Extracted data entries:
━━━━━━━━━━

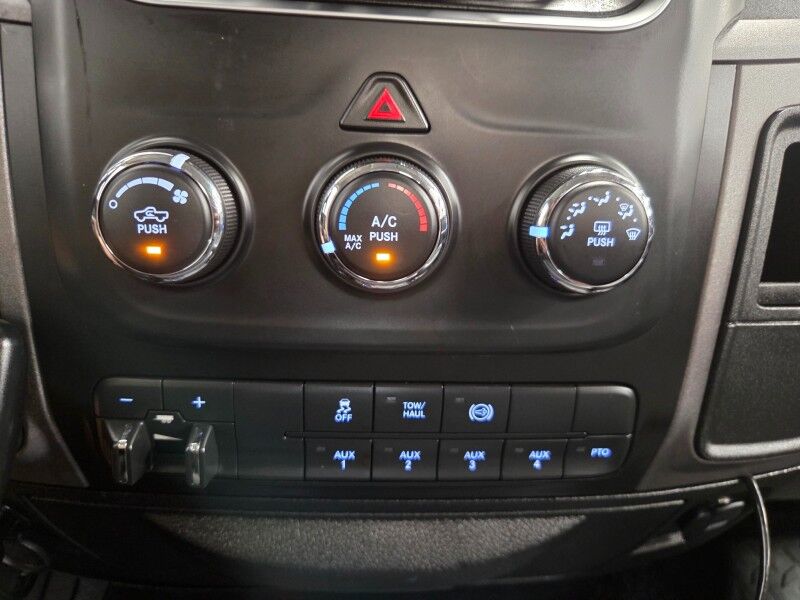 2018 Ram 5500 Tradesman 2WD Flatbed Dually 6.7L Diesel AISIN Transmission FREE WARRANTY Arlington TX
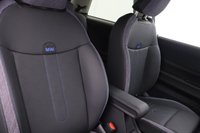 USED 2025 25 MINI HATCH COOPER 1.5C Classic 3dr Steptronic (SAT NAV, PRIVACY) 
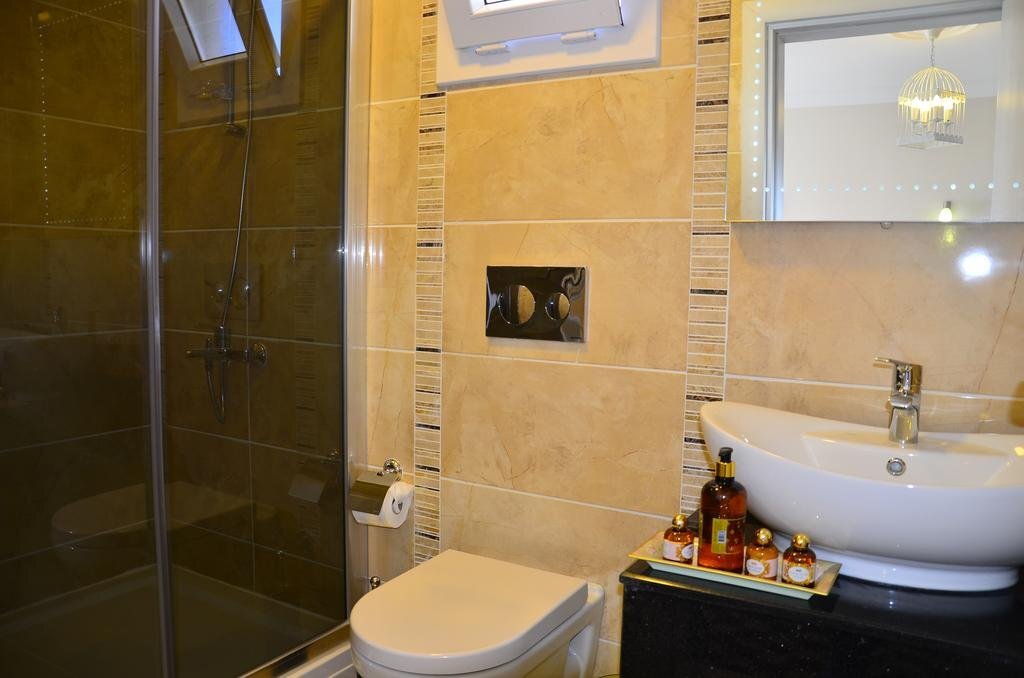 Rose Garden Boutique Hotel Rezervasyon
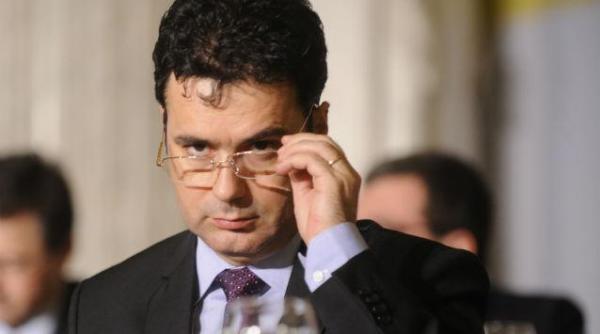 pricopie facultate fara bac ministrul lamure te problema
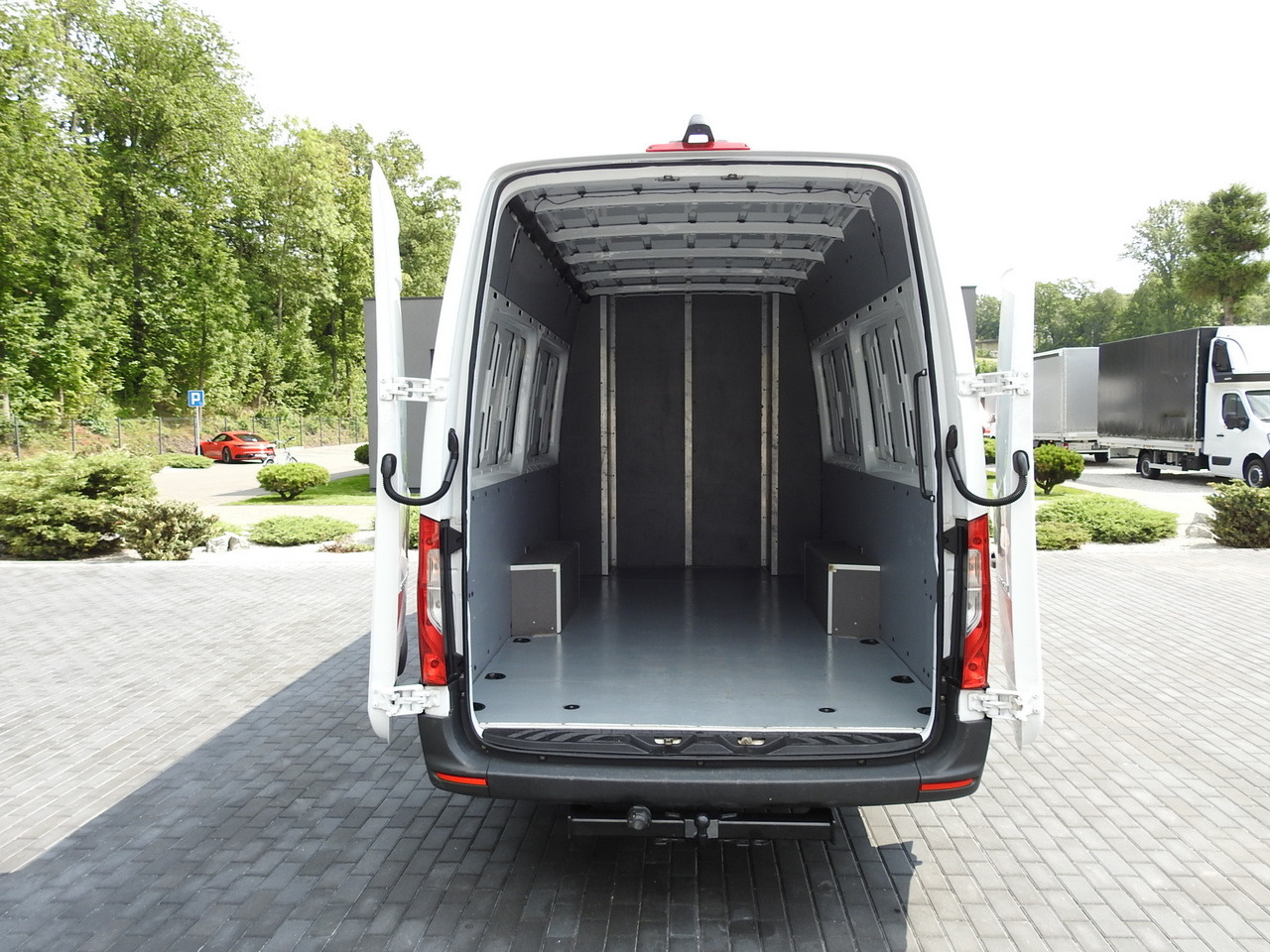 Van panel MERCEDES SPRINTER BOX DELIVERY VAN 5 SEATS CRUISE CONTROL NAVIGATION AIR CONDITIONING AUTOMATIC TRANSMISSION   160HP: gambar 12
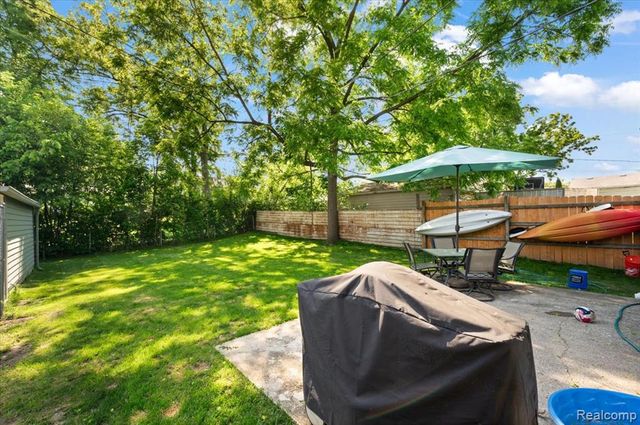107 S Tilden Avenue, Waterford, MI 48328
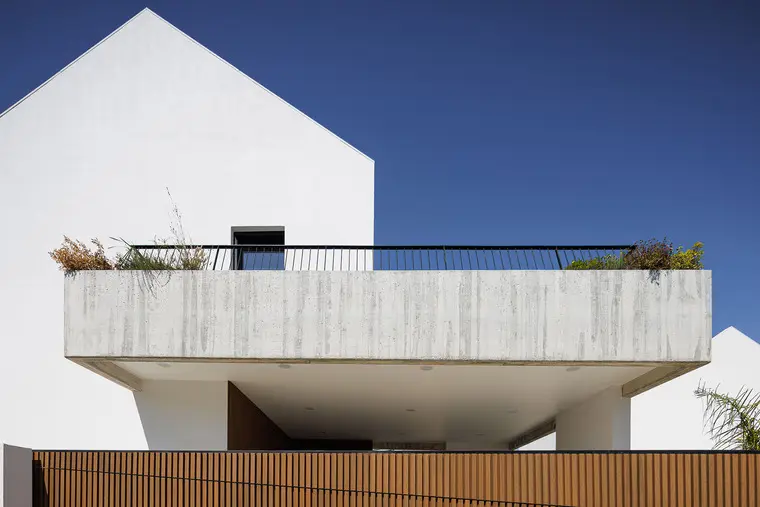 resize,w_760.webp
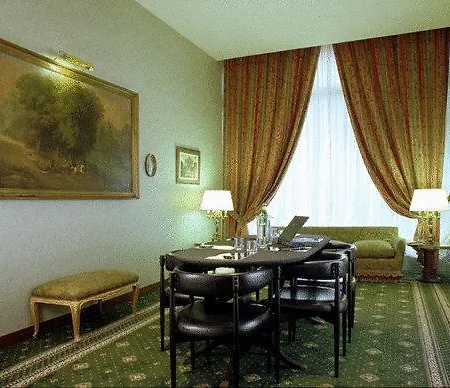 Hotel Commodore-3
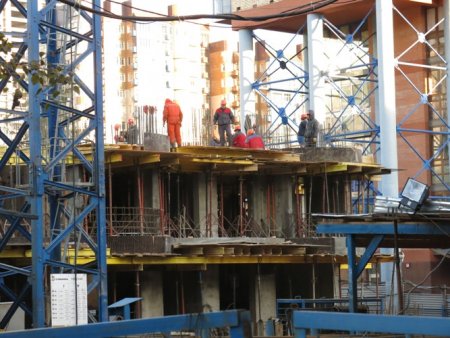 Как количество застройщиков в регионах влияет на стоимость жилья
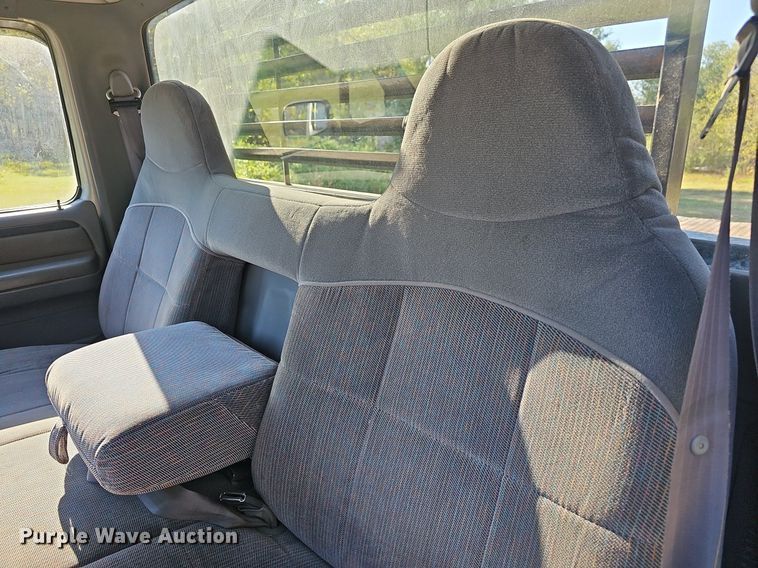 image for item DR5787 1996 Ford F150 XLT  flatbed pickup truck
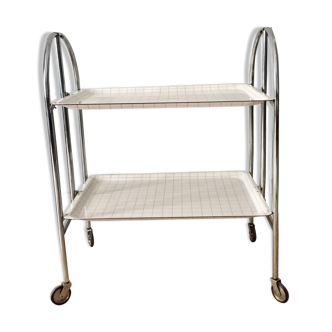 Folding serving table
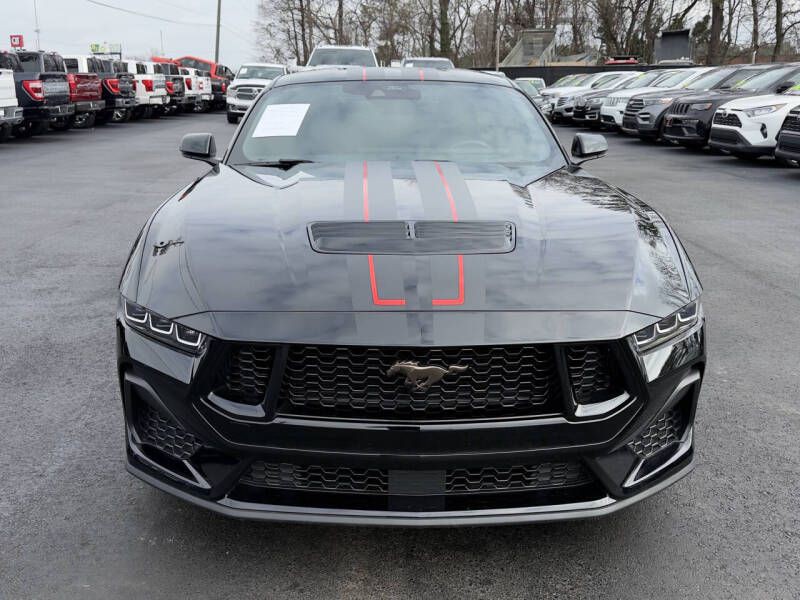 2024 Ford Mustang Image 3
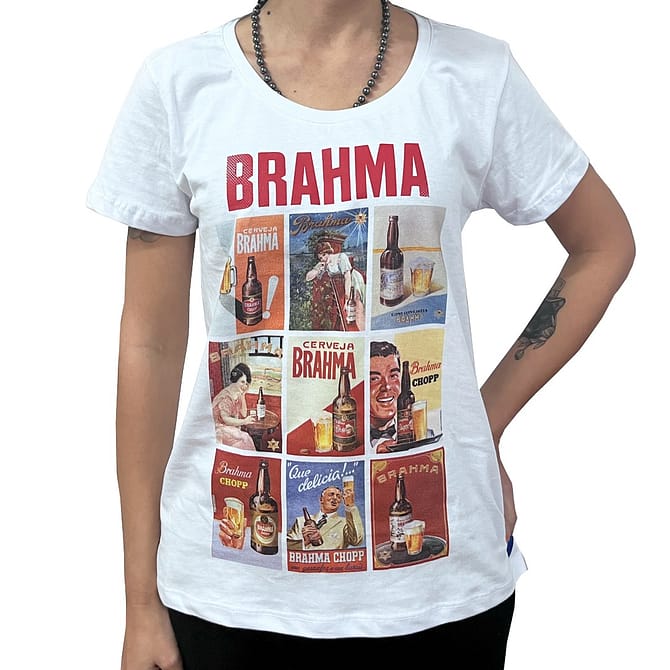 Baby Look com logo escrito Brahma e estampas de imãs com ilustrações de chopp da marca.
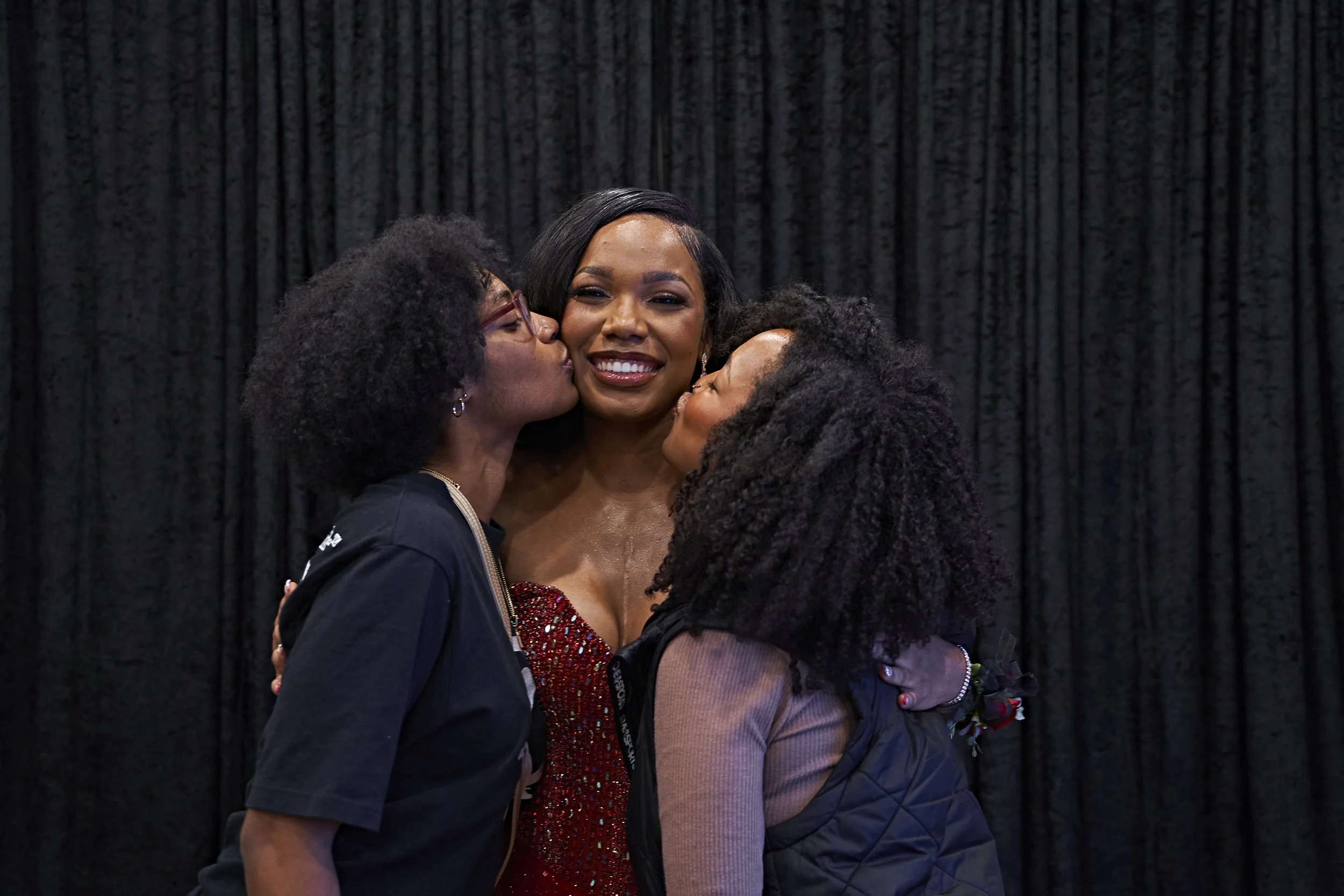 KE25Prom_093.jpg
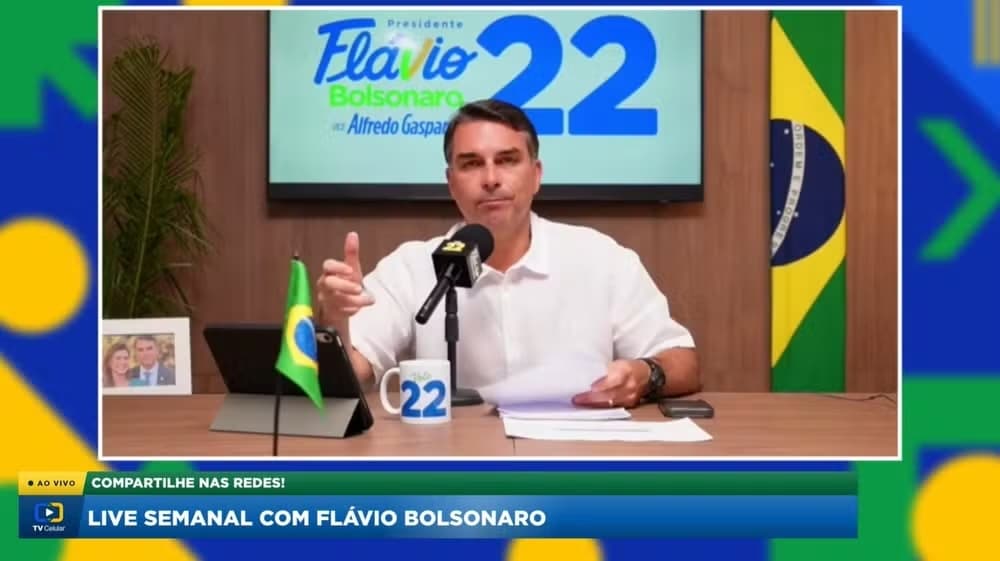 FISCAIS DE URNA: Flávio Bolsonaro anuncia site para recrutar voluntários para fiscalizar votação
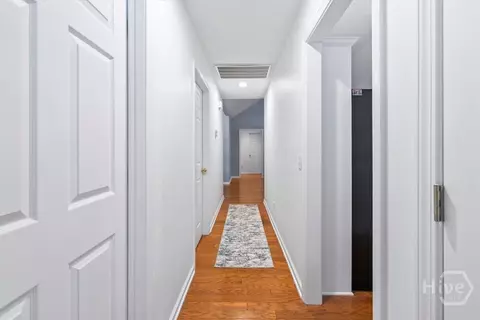Entry Way - 280 Silver Brook Cir, Pooler, GA 31322 photo 5 of 5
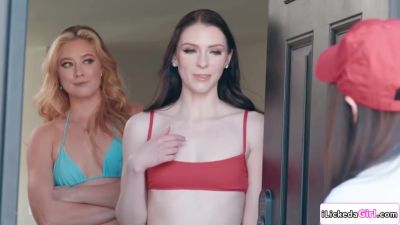 Petite delivery crew having threesome with lesbian teens - hotmovs.com
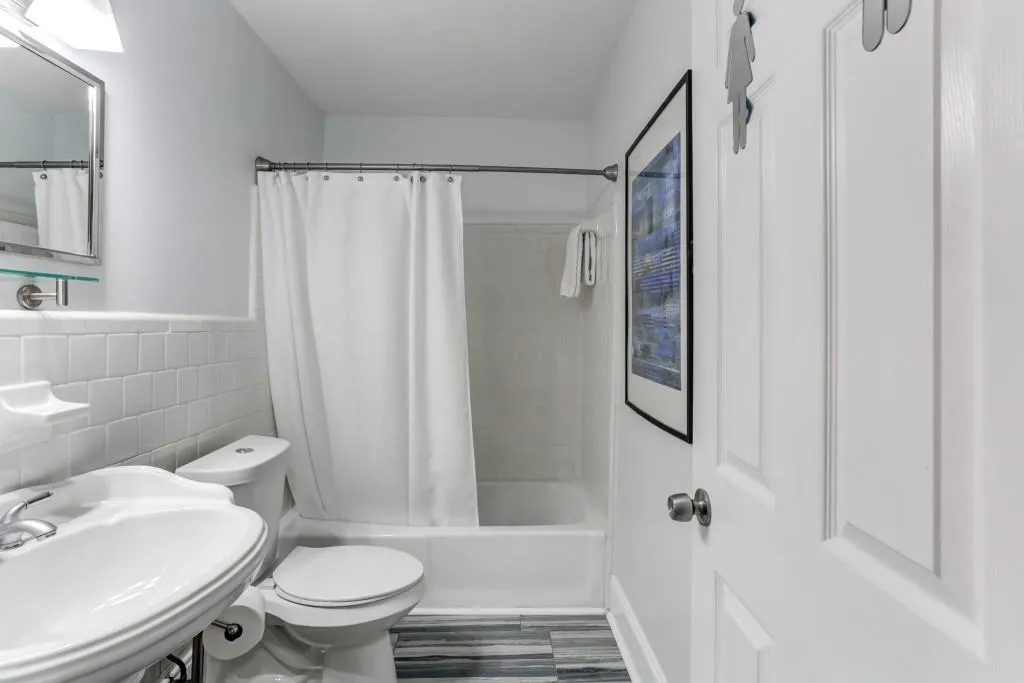 6520 Roswell Road Unit 84, Sandy Springs, Georgia 30328, 2 Bedrooms Bedrooms, ,2 BathroomsBathrooms,Residential,Sold,6520 Roswell Road Unit 84,6793461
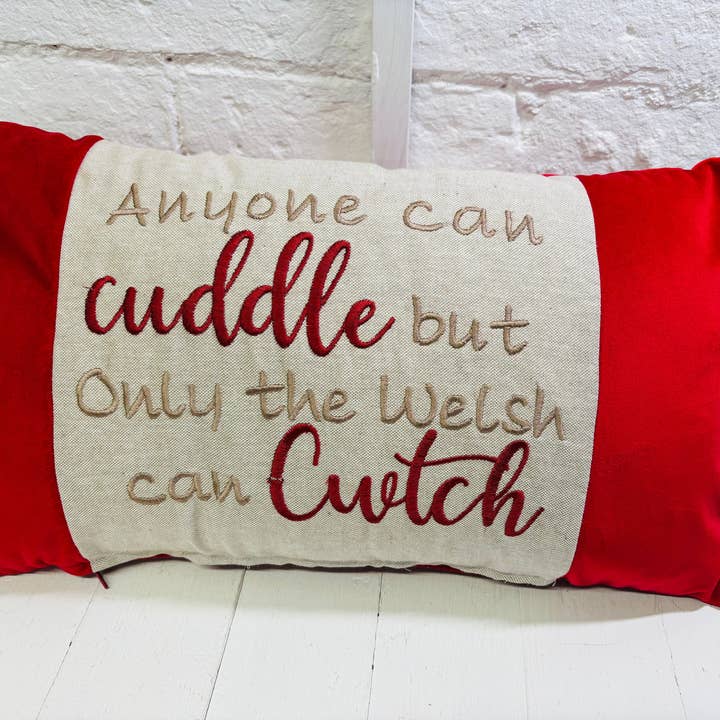 Velours rouge Tout le monde peut câliner mais seuls les Gallois peuvent Cwtch Coussin pour la vente par Lizzie Dixon Designs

━━━━━━━━━━

Once you reach the line containing "2024 Ford Mustang Image 3", print it and every line after it exactly, through the end of the entries, without any pictures.

◆ TASK SOLUTION:
 2024 Ford Mustang Image 3
 Baby Look com logo escrito Brahma e estampas de imãs com ilustrações de chopp da marca.
 KE25Prom_093.jpg
 FISCAIS DE URNA: Flávio Bolsonaro anuncia site para recrutar voluntários para fiscalizar votação
Entry Way - 280 Silver Brook Cir, Pooler, GA 31322 photo 5 of 5
 Petite delivery crew having threesome with lesbian teens - hotmovs.com
 6520 Roswell Road Unit 84, Sandy Springs, Georgia 30328, 2 Bedrooms Bedrooms, ,2 BathroomsBathrooms,Residential,Sold,6520 Roswell Road Unit 84,6793461
 Velours rouge Tout le monde peut câliner mais seuls les Gallois peuvent Cwtch Coussin pour la vente par Lizzie Dixon Designs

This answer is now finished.